Bookmark and Share

Notice: On April 23, 2014, Statalist moved from an email list to a forum, based at

[Date Prev][Date Next][Thread Prev][Thread Next][Date Index][Thread Index]

Re: st: RE: How to calculate standardized difference in means with survey weighted data?

From   Steve Samuels <>
Subject   Re: st: RE: How to calculate standardized difference in means with survey weighted data?
Date   Mon, 5 Mar 2012 11:39:02 -0500

The post that Shaun refers to was from Jeff Pitblado at:
(Shaun: as perthe  FAQ please always give the URL for references)

There are many ways to do this computation.  The "pooled" SD is simply the
 estimated population SD, so calculation of the subpopulation SDs is not needed.

Try the following with one variable. When you understand the output, 
use the -quietly- block (now commented out) to suppress all but the 
display of standardized differences 

*************CODE BEGINS*************
sysuse auto, clear
svyset _n [pw = turn]
// set up variable list
local vlist length price weight headroom

foreach v of varlist `vlist'{
// qui {
svy: mean `v'

estat sd  //population SD: available in Stata 10
local sd = el(r(sd),1,1)
// or  local sd  = sqrt(e(N)*el(e(V_srs),1,1))  
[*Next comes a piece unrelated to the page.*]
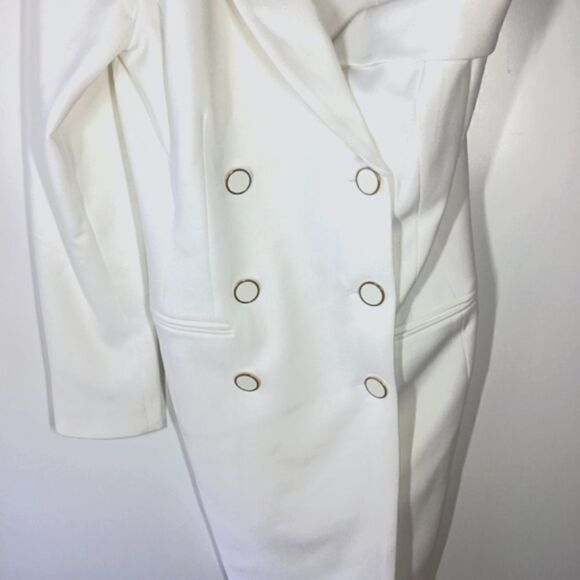 Veronica Beard‎ Middleton One Shoulder Blazer Dress White Size 12 - Picture 7 of 15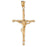 14k Yellow Gold Crucifix Charm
svy: mean `v', over(foreign)
local sdiff1 = (_b[`v':Foreign] - _b[`v':Domestic])/`sd'

 // Difference in means with less typing, more output */
svy: reg `v' foreign
local sdiff2 = _b[foreign]/`sd'
di `sdiff1' " " `sdiff2'  //same
// }  end quiet block

di _column(3)  "Stand. Diff " "`v'" _column(25) " = " _column(28) `sdiff1'
**************CODE ENDS**************


On Mar 5, 2012, at 5:49 AM, Scholes, Shaun wrote:

This was a lot trickier than I thought...and I cannot answer with 100% confidence (or maybe not even 95%). 
But I found a posting called "RE: st: svy: mean and descriptive tables " from July 2007.

And I was able to replicate the following results using estat sd (using that posting: and I am using Stata SE v12.0): 

webuse nhanes2
svyset psu [pw=finalwgt], strata(strata)
svy: mean smsa height weight bpsystol bpdiast tcresult tgresult
estat sd

// e(N) is in a scalar
// unweighted number of observations

di sqrt(e(N) * el(e(V_srs), 1, 1))
di sqrt(e(N) * el(e(V_srs), 2, 2))
di sqrt(e(N) * el(e(V_srs), 7, 7))

So the quantities you may (I stress may) need are in the scalar e(N) and the diagonal of the variance-covariance matrix (which is where I normally obtain the Standard Errors from). 

Then I tried the same in the context of using -svy- to estimate mean BMI over two groups in this simple example:

input id bmi group
1	25.1	1
2	26.2	2
3	26.4	2
4	25.4	1
5	25.7	2
6	25.3	1
7	26.3	2
8	26.3	1
9	25.9	2
10	24.1	2
11	25.6	1
12	25.4	1
13	28.3	2
14	27.2	1
15	26.2	2
16	26.2	1
17	28.2	1
18	27.1	2
19	28.1	1
20	28.4	2

gen weight=1
svyset [pweight=weight]
svy:mean bmi,over(group)
estat sd
mat A = e(_N)
di sqrt(A[1,1]* el(e(V_srs), 1, 1))
di sqrt(A[1,2]* el(e(V_srs), 2, 2))

If this is on the right lines then you could adapt the posting from July 2007 and put all these into tables using the programmes in the July 2007 posting? 

Hope this helps 
Best wishes

-----Original Message-----
From: [] On Behalf Of Lok Wong
Sent: 05 March 2012 00:46
Subject: st: How to calculate standardized difference in means with survey weighted data?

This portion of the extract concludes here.